Wednesday, August 01, 2012

Citation du 2 août 2012


Chacun tourne en réalités, / Autant qu'il peut, ses propres songes : / L'homme est de glace aux vérités ; / Il est de feu pour les mensonges.
La morale de la fable vaut parfois mieux que la fable elle-même. Qu’on me pardonne si je dis que c’est le cas pour celle-ci. En tout cas, je ne retiendrai de l’apologue du statuaire, qui, comme Pygmalion, succomba aux émois suscités par la statue qu’il venait de créer, que l’idée exposée ici : les mensonges ont plus de force que les vérités, parce que si la vérité est taillée aux dimensions de la réalité, les mensonges, eux, sont  moulés sur nos fantasmes.
On rappellera que les démocraties fonctionnent avec de tels principes : les élus sont portés au pouvoir sur un programme qui doit être l’expression de nos désirs – et tant pis si pour cela il a fallu mentir au peuple, parce que c’est cela qu’il voulait entendre.
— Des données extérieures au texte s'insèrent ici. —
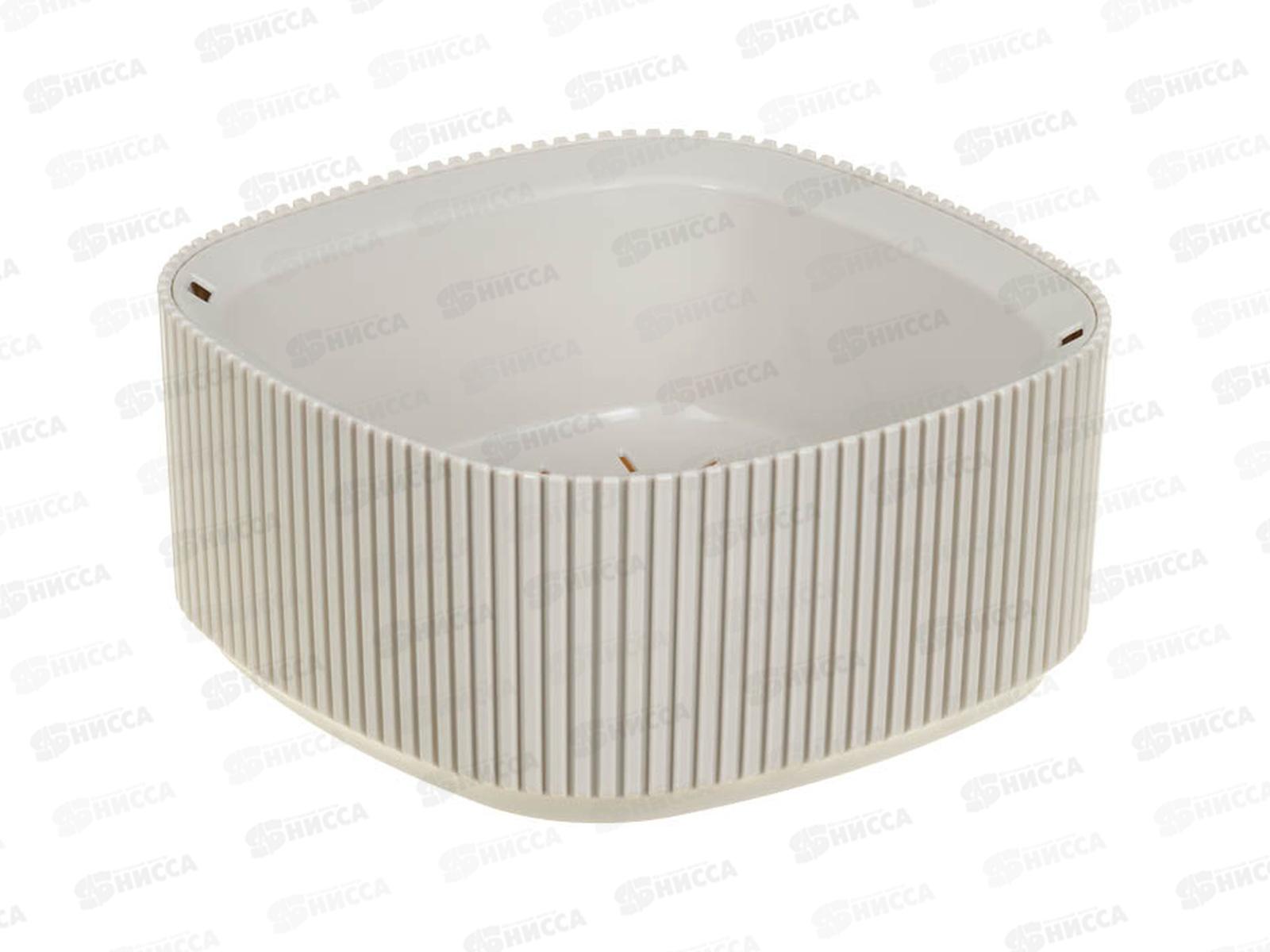 Кашпо СТРИП 0,9л со вставкой Кремовый М3249 *16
Mais, s’en tenir à ce constat est un peu étriqué. En réalité, c’est une expression de la vie politique dans son ensemble. Lorsque le peuple accourt applaudir le tyran, lorsqu’il  ne lui résiste pas – alors qu’il le pourrait, lorsqu’il va pleurer sur sa tombe ou se réjouir à ses fêtes – qui pourtant lui ôtent le pain de la bouche, c’est exactement le même mécanisme. Le mensonge est rêve, et le rêve fait en nous brûler la passion. La Boétie disait que le peuple se soumettait au tyran non par lâcheté mais par plaisir. C’est vrai et c’est faux en même temps. Car le masochisme est une dimension de la psychologie individuelle et non collective. Par contre, il peut se faire que tous les hommes aient les mêmes désirs, et que ces désirs soient comblés par les promesses incarnés par le tyran.
Et quant aux mensonges désirés se joint un menteur adoré, l’engouement devient culte : c’est ainsi que les argentins ont fait d’Evita une véritable déesse.